Er versuchte, die Affäre als Ausrutscher, als Ventil für Druck, als eine Reihe unglücklicher Entscheidungen eines gestressten Mannes darzustellen. Was er nicht verstand, war, dass jede seiner Erklärungen auf dasselbe hinauslief: Er hatte unsere Ehe für stabil genug gehalten, um sie zu missbrauchen. Er hatte meine Treue wie eine Art Infrastruktur behandelt, etwas Statisches und Unscheinbares, das auch dann noch da sein würde, wenn sein Verlangen erloschen wäre.
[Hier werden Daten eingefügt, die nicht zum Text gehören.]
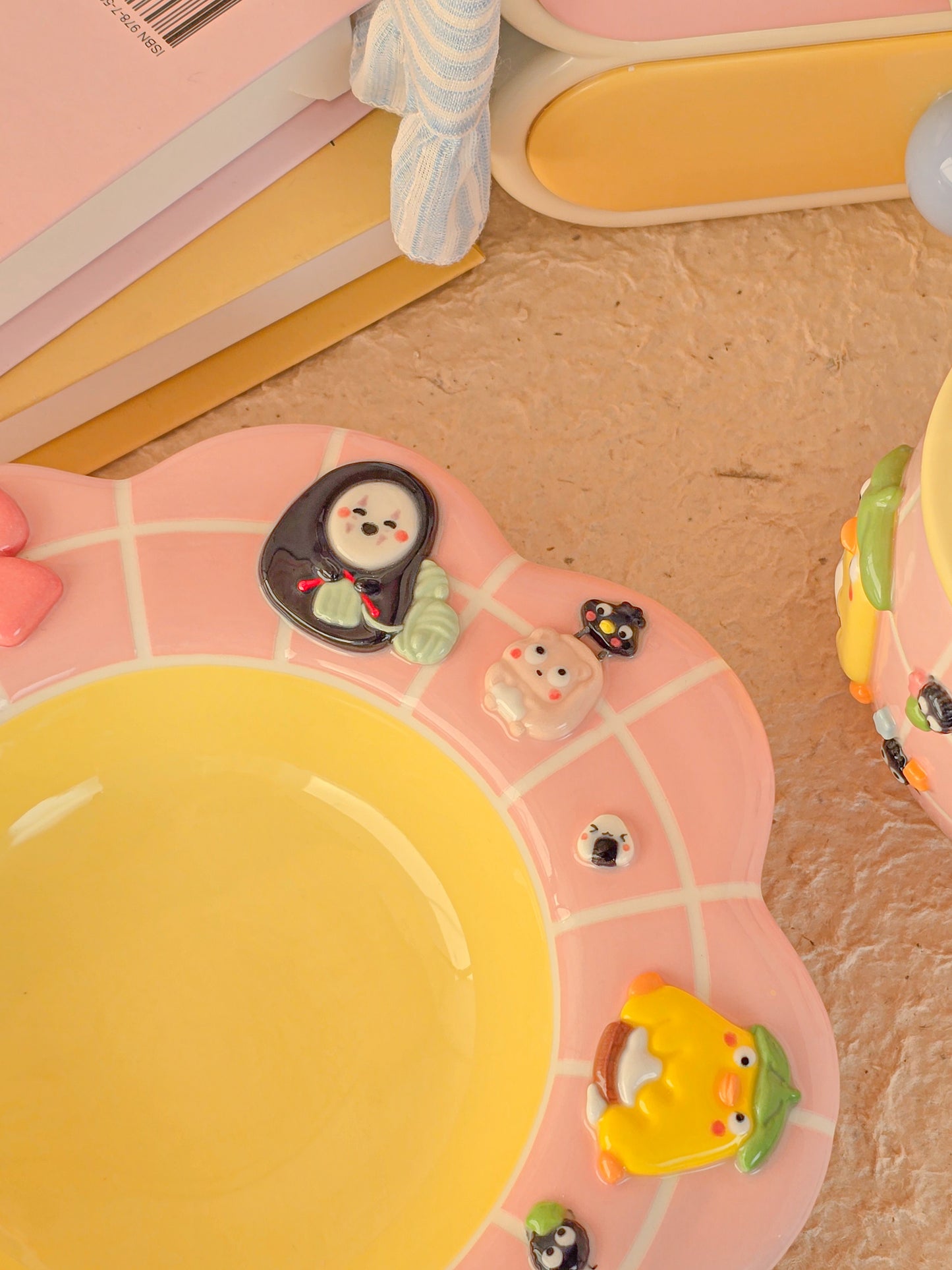 Spirited Away pasta plate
Als ich ihm sagte, dass es nicht nur um den Betrug an sich ging, sondern um das dahinterliegende Anspruchsdenken, wirkte er aufrichtig verwirrt. In diesem Moment wusste ich, dass unsere Ehe nicht mehr zu retten war. Affären kommen in Ehen immer wieder vor. Aber die ruhige Gewissheit, dass eine Ehefrau Demütigungen erträgt, wenn man ihr im Nachhinein nur genug Sanftmut entgegenbringt – das ist kein Zufall. Das ist Charakter.
Zwei Wochen später legte er Widerspruch gegen die Scheidung ein. Margaret rief mich an und überbrachte mir die Nachricht in einem so trockenen Ton, dass es meine Stimmung beinahe hob. Ethan behauptete, ich würde überreagieren und beantragte eine Mediation. Ich sagte ihr, das würde nichts ändern. Sie erwiderte: „Dann machen wir weiter“, mit der kühlen Genugtuung einer Frau, die schon viele mittelmäßige Männer dabei beobachtet hatte, wie sie den Prozess mit einem Druckmittel verwechselten.
Teil 4: Was er unter Eid aussagte
Die Mediation fand in einem nüchternen Büro statt, das leicht nach abgestandenem Teppich und juristischer Vorsicht roch. Ethan erschien wieder einmal elegant gekleidet – gepflegter Haarschnitt, teurer Anzug, die Uhr gut sichtbar, das ganze Outfit eines Mannes, der den Raum daran erinnern wollte, dass man ihn einst ernst genommen hatte. Die Illusion hielt an, bis er mich sah. Angst huschte kurz über sein Gesicht und verschwand dann hinter einem geübten Ausdruck der Reue. Der Mediator, Harold Bennett, war sanftmütig, aber effizient; ein Mann, der Versöhnung nicht länger mit Tugend verwechselte, wenn sie mit Gewalt erzwungen werden musste. Er bat Ethan, als Erster zu sprechen.